Following my blog last week about the transition to GPU computing in HPC, I ran into a couple of items that cast the subject in a somewhat different light. One was a paper written by a team of computer science researchers at Georgia Tech titled “On the Limits of GPU Acceleration” (hat tip to NERSC’s John Shalf for bringing it to my attention.) The other item surfaced as a result of an Intel presentation on the relative merits of CPU and GPU architectures for throughput computing, titled “Debunking the 100X GPU vs. CPU Myth.” I think you can guess where this is going.
Turning first to the Georgia Tech paper, authors Richard Vuduc and four colleagues set out to compare CPU and GPU performance on three typical computations in scientific computing: iterative sparse linear solvers, sparse Cholesky factorization, and the fast multipole method. If you don’t know what those are, you can look them up later. Suffice to say that they are representitive of HPC-type algorithms that are neither completely regular, like dense matrix multiplication, or completely irregular, such as graph-intensive computations.

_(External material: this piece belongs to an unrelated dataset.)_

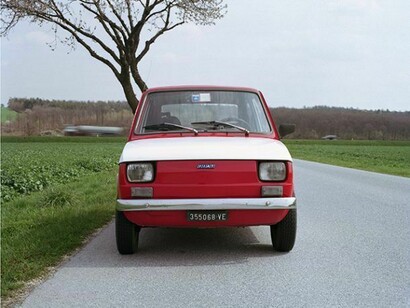 Simon Starling, Flaga 1972-2000 (A Fiat produced in Turin, Italy, in 1974 and customised using parts manufactured and fitted in Poland, following a journey of 1290 km from Turin to Cieszyn), 2002. Fondazione Sandretto Re Rebaudengo, Turin.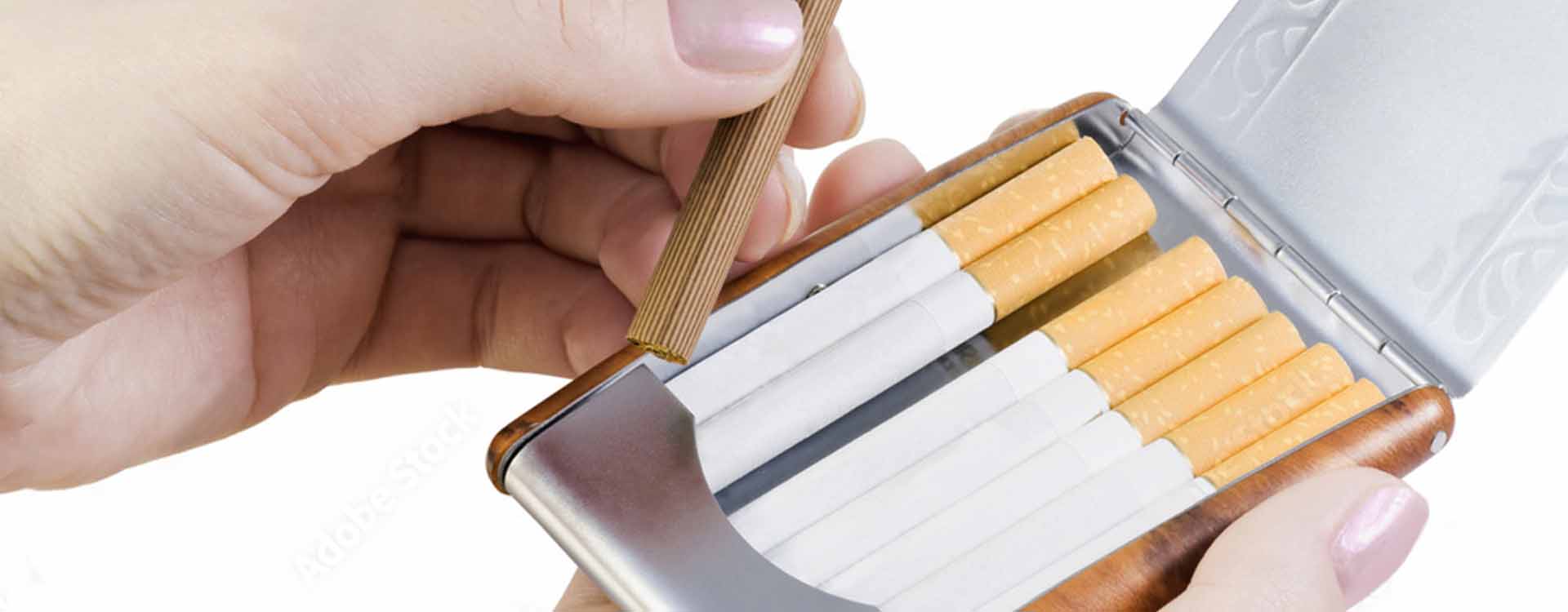 Tabatierka na cigarety - detail tabatierky plnej cigariet a ženskej ruky držiacejj cigaretu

For these codes, Vuduc and company found that a GPU was only equivalent to one or two quad-core Nehalem CPUs performance-wise. And since a single high-end GPU draws nearly as much power as two high-end x86 CPUs, from a performance-per-watt standpoint, the GPU advantage nearly disappears. They also bring up the fact that the additional cost of transfering data between the CPU and the GPU can further narrow the built-in FLOPS advantage enjoyed by the GPU. The authors sum it up thusly:
In particular, we argue that, for a moderately complex class of “irregular” computations, even well-tuned GPGPU accelerated implementations on currently available systems will deliver performance that is, roughly speaking, only comparable to well-tuned code for general-purpose multicore CPU systems, within a roughly comparable power footprint.
The GPU technology chosen was based on NVIDIA’s Tesla C1060/S1070 and GTX285 systems, so the authors do admit that the results may have been very different if they had run these code on the lastest ATI hardware or the new NVIDIA Fermi card. Also, while the researchers made an attempt to tune both the CPU and GPU codes for best performance, they may have missed some important opportunities.
Presumably the Georgia Tech research was unencumbered by commercial agendas. Support for the work came from the National Science Foundation, the Semiconductor Research Corporation, and DARPA. It is worth noting, however, that Intel was also listed as a funder. Hmmm.
Which provides an interesting segue to our second item. At the International Symposium on Computer Architecture in Saint-Malo, France, Intel presented a paper that cast a few more aspersions on the lowly graphics processor. Like the Georgia Tech researcher, the Intel folks did their own CPU vs GPU performance benchmarking, in this case, matching the Intel Core i7 960 with the NVIDIA GTX280. They used 14 different throughput computing kernels and found a mean speedup of 2.5X in favor of the GPU. The GPU did best on the GKJ kernel (collision detection), with a 14-fold performance advantage, and worst on the Sort and Solv kernels, where the CPU actually outran the GPU.
The GPU-loving folks at NVIDIA took this as good news, however, noting the 14-fold performance advantage is quite nice, thank you. In a blog post this week, NVIDIAn Andy Keane writes:
It’s a rare day in the world of technology when a company you compete with stands up at an important conference and declares that your technology is *only* up to 14 times faster than theirs. In fact in all the 26 years I’ve been in this industry, I can’t recall another time I’ve seen a company promote competitive benchmarks that are an order of magnitude slower.
Of course the 14X value was the best kernel result for the GPU, not the average. Intel’s real point was that they couldn’t produce 100-fold increases in performance on the GPU, like NVIDIA claims for some apps. NVIDIA actually freely admits that not all codes will get the two orders of magnitude increase. Keane does, however, list ten examples of real codes where users did record a 100X or better performance boost compared to a CPU implementation. He also points out that for these throughput benchmarks, Intel relied on a previous generation GPU, the GTX280, and doubted that the testers even optimized the GPU code properly — or at all.
So what does it all mean? Well, when it comes to the CPU vs. GPU performance wars, it pays to know who’s runnning the benchmarks — not only in relation to vendor loyalties, but also programming skills, software tools they used, etc. It’s also worth comparing like-to-like as far as processor generations. In this regard, I think the NVIDIA Fermi GPU should be used as sort of a ground floor for all future benchmarks. To my mind, it represents the first GPU that can really be called “general-purpose” without rolling your eyes.
It’s also important to keep in mind the effort required to port these parallel codes to their respective platforms. Skeptics are quick to point out that porting code to a GPU requires a significant up-front investment. But in his blog Keane reminds us that scaling codes on multicore CPUs is not a guaranteed path to delivering performance gains either. As a wise computer scientist once said: “All hardware sucks; all software sucks. Some just suck more than others.”